**Problem to solve**
Word for word, copy the lines beginning at the one with "Бічні труби стандартні" and ending at the last line below; pictures stay out.

Start of Dataset section

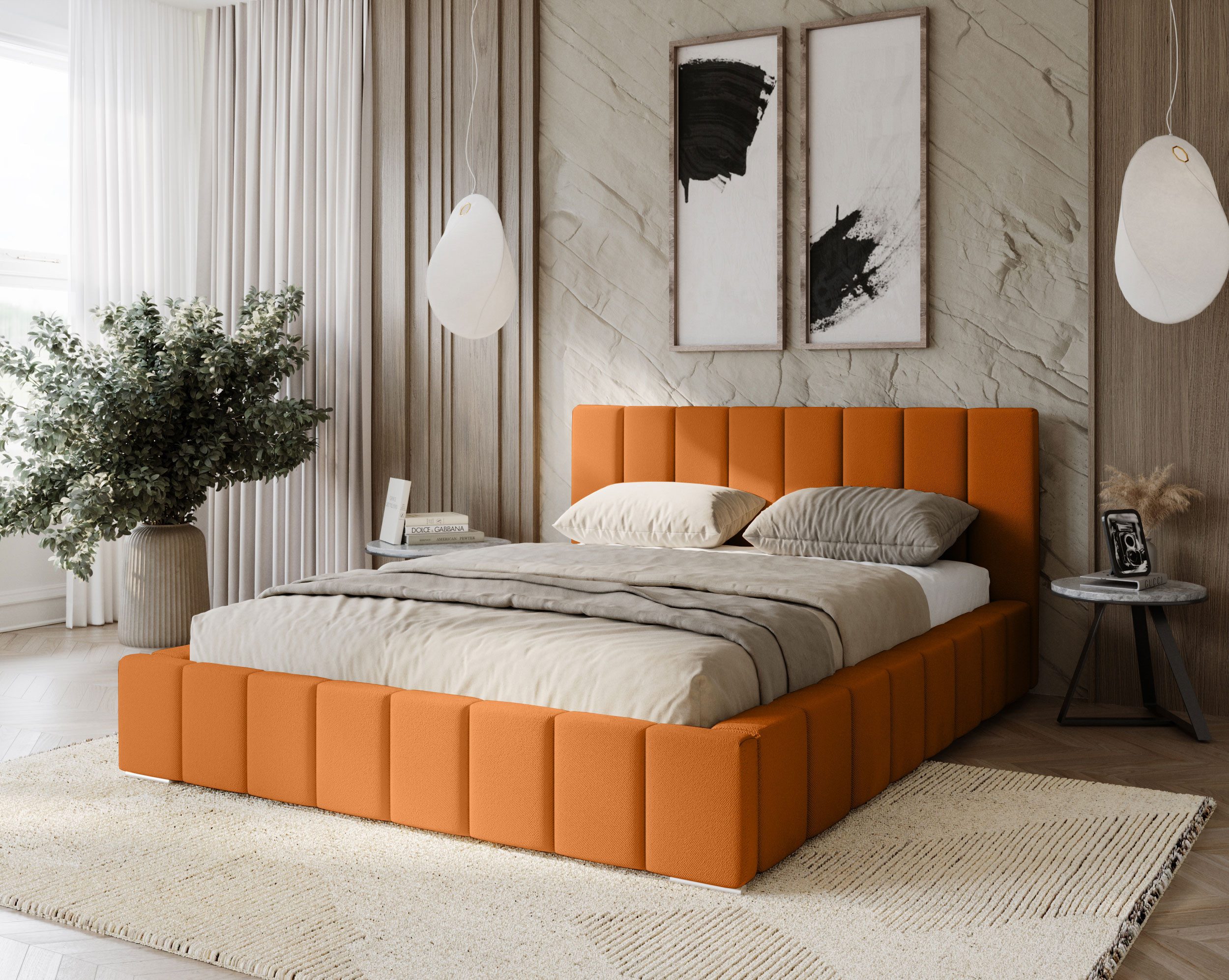 MARPUR Polsterbett Menos (Polsterbett mit Bettkasten günstig online kaufen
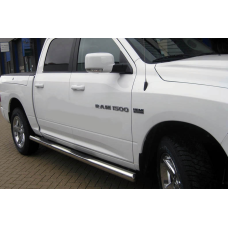 Бічні труби стандартні (2 шт., Нерж) для Dodge RAM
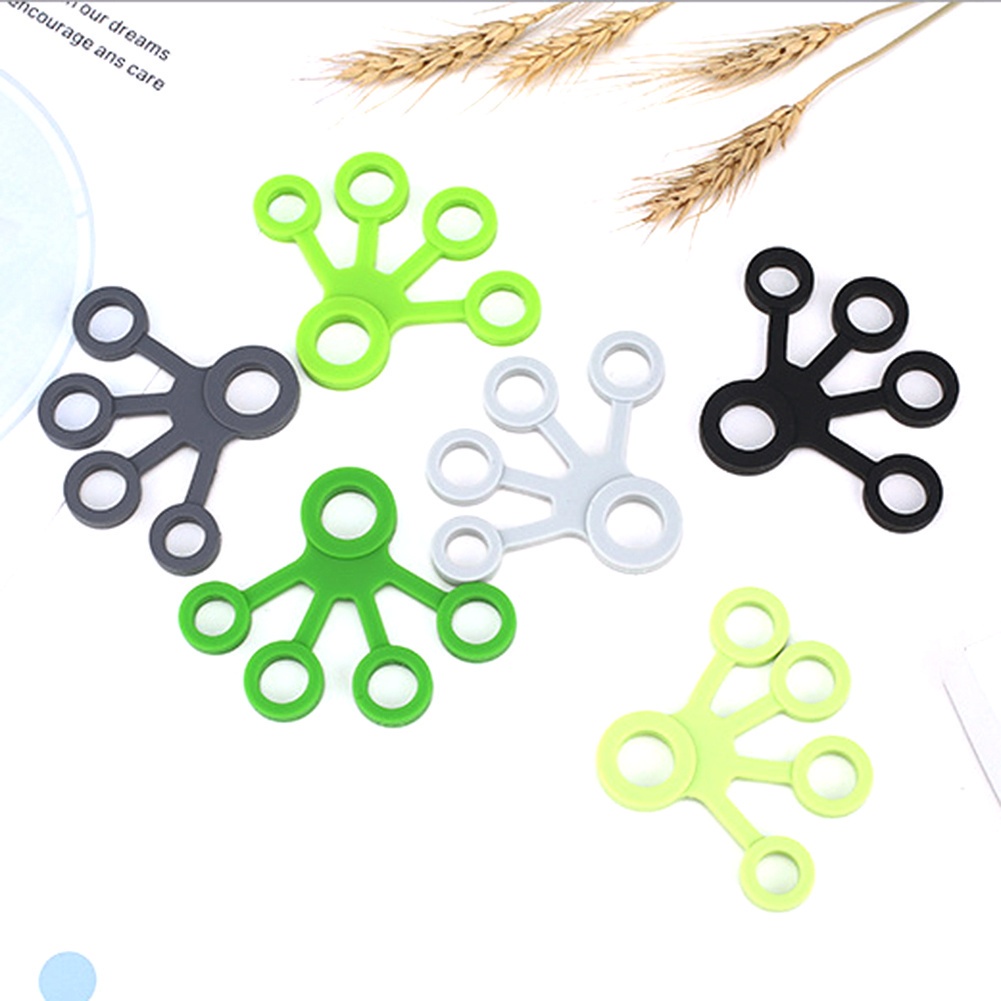 Dụng cụ luyện tập sức mạnh ngón tay bằng silicon chất liệu tốt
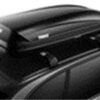 Thule 615 Pulse Cargo Rack, Large, Black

End of Dataset section

**Response box**
 Бічні труби стандартні (2 шт., Нерж) для Dodge RAM
 Dụng cụ luyện tập sức mạnh ngón tay bằng silicon chất liệu tốt
 Thule 615 Pulse Cargo Rack, Large, Black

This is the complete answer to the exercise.